The local upholsterer did a lovely job really good, painstaking craftsmanship— on some dining-room chairs which had been in storage since 1939. For this he charged just over $3 a chair, bringing the chairs back one at a time himself, riding his bicycle, with the chair balanced on the handle bars. If a thing can be carried on a bicycle, then it can be delivered to your house —that is the local tradesmen’s slogan. Anything that is beyond the powers of the vélo to negotiate has to be fetched by the purchaser.

As the long, hot summer suddenly changed into winter at the beginning of November we had our first bout, apprehensively enough, with our central-heating apparatus. We had laid in our season’s stock of coal and coke earlier, at a cost of $260. (Wood comes free from our “well-timbered” estate.)

But the implement designed t receive this fuel, lurking down near the wine cellar, is one of the most forbidding, Dali-esque confections that I have come across.

Its basic shape is oblong, but strange chains of various calibers wind their tortuous ways about its surface, through pulleys and around wheels. Weights and counterweights swing, unconvincingly enough, in this tangle; and on top there is a single demonic gauge, the hands of which are somehow cont rolled by the chain-and-weight section of the apparatus. However, it does — against all the odds — seem to keep the house warm.

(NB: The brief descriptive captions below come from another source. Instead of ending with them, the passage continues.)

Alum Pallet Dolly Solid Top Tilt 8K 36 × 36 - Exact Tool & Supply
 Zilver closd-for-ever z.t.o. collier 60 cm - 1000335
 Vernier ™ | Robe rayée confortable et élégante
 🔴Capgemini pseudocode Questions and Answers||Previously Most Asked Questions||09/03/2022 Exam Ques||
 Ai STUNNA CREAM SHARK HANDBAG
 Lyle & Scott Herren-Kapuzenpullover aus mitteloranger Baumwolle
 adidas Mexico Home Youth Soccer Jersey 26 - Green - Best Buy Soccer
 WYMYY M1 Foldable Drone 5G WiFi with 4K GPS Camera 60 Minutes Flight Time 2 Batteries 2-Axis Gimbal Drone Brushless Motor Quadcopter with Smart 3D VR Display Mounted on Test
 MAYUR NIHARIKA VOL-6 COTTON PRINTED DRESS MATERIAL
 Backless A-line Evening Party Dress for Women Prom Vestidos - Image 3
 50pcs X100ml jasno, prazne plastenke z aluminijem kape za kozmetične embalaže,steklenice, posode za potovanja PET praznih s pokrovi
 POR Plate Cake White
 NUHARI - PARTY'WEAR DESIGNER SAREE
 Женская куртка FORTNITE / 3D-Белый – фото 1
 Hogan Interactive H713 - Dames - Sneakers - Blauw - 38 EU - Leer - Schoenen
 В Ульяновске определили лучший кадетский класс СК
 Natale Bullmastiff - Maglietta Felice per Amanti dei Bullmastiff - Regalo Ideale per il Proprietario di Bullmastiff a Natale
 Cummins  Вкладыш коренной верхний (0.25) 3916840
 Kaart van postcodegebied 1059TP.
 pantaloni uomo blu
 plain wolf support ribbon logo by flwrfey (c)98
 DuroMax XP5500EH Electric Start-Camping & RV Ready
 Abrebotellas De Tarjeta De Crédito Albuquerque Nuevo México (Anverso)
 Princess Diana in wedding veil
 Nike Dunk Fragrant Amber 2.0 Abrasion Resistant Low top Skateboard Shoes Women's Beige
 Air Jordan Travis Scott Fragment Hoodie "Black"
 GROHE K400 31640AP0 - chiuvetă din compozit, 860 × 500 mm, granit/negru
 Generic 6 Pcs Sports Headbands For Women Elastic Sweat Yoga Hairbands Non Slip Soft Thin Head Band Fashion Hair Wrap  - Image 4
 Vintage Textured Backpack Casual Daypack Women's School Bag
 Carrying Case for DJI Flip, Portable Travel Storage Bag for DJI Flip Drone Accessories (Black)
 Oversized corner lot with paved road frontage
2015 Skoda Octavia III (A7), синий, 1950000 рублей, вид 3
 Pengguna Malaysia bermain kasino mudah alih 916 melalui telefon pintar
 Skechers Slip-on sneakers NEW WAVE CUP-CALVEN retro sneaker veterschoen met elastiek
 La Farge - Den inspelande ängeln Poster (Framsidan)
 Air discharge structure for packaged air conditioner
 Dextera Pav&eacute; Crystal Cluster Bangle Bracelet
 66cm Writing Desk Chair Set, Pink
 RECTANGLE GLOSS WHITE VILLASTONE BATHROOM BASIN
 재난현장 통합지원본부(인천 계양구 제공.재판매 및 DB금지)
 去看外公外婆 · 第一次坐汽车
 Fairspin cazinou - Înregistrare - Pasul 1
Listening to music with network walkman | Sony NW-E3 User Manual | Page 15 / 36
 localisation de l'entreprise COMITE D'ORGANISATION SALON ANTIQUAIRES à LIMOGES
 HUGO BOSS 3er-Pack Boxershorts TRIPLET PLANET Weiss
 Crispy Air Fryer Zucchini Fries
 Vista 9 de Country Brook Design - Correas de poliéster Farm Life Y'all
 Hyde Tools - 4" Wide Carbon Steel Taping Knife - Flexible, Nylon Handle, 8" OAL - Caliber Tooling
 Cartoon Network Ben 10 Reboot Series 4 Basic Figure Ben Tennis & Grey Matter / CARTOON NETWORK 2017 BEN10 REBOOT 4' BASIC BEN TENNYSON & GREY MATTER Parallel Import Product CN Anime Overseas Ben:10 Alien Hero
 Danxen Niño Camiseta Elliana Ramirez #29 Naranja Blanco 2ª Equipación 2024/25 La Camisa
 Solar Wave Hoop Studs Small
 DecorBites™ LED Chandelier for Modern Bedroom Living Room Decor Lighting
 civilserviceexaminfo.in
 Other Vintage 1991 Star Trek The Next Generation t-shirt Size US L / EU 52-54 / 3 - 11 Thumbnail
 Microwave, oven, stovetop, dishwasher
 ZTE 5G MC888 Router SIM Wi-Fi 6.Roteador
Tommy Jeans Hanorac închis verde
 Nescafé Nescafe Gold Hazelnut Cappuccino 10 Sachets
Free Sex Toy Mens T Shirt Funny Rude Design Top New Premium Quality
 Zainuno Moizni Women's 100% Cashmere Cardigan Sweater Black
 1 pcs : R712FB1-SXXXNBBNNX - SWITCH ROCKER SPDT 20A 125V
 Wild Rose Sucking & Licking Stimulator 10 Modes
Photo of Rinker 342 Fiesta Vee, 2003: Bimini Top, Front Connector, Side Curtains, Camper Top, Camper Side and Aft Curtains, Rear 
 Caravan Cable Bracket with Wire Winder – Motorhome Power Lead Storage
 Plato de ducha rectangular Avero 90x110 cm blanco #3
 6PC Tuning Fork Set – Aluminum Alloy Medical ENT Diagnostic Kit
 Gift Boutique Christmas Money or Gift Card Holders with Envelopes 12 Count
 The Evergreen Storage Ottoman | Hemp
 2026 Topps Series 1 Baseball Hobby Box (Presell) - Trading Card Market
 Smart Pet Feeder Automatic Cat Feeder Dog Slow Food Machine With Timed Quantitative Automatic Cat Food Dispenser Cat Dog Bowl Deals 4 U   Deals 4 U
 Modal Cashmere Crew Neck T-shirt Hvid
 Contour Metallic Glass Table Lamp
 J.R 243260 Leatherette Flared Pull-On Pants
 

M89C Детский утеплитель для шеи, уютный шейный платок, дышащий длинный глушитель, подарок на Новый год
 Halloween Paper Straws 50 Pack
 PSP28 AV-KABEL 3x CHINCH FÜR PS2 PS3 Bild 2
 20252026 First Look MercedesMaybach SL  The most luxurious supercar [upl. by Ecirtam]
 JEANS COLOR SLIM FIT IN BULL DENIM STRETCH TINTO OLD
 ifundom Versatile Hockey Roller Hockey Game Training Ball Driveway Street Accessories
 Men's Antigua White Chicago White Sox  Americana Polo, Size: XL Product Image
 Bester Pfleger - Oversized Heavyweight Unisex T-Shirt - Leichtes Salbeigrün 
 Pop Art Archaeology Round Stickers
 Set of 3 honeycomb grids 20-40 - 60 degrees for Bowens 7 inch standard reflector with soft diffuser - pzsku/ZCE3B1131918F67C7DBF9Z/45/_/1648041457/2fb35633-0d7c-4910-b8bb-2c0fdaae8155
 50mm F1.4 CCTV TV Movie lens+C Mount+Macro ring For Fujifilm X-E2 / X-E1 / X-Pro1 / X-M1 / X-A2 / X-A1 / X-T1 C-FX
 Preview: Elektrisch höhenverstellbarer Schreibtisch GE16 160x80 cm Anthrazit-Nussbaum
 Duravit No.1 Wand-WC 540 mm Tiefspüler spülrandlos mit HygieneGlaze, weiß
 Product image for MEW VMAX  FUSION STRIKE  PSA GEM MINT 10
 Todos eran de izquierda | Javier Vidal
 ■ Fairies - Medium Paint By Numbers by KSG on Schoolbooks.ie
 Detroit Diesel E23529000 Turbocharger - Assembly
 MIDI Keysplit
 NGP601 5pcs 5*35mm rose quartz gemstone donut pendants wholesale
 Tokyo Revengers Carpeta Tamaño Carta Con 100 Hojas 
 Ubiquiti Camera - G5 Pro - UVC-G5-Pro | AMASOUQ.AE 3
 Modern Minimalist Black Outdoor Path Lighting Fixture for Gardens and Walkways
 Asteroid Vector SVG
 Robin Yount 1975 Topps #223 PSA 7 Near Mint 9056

A local youth comes in for an hour every morning to make up the fire. He receives 28 cents for his hour’s work,

We now have an electric washing machine (price $215), and glad of it we are. While we were dependent on the local laundries, we had a bad time. For one thing, the laundries could not agree to stagger their summer holidays. All closed down simultaneously right through the month of August. Then their prices are—by French standards — very high. Our weekly bill for two people used to average $3.40. And fellow suburbanites shook their heads at 12 cents for laundering a sheet.

But that was one of the lesser afflictions of a flaming August. Because of the phenomenal summer, the house played host to huge quantities of flies and — no doubt because of the Seine a few hundred yards away — to a plague of mosquitoes. There were no screens on any of the doors or windows.

So every night, as a woebegone act of faith, vve would go to bed daubed with one of those preparations which induce only added enthusiasm among the mosquitoes, and faint nausea on the part of the wearer. Several times a night we would have to switch on the light and go to work with Flit gun, swatter, and pillow. Dawn would find us haggardly surveying a stricken field.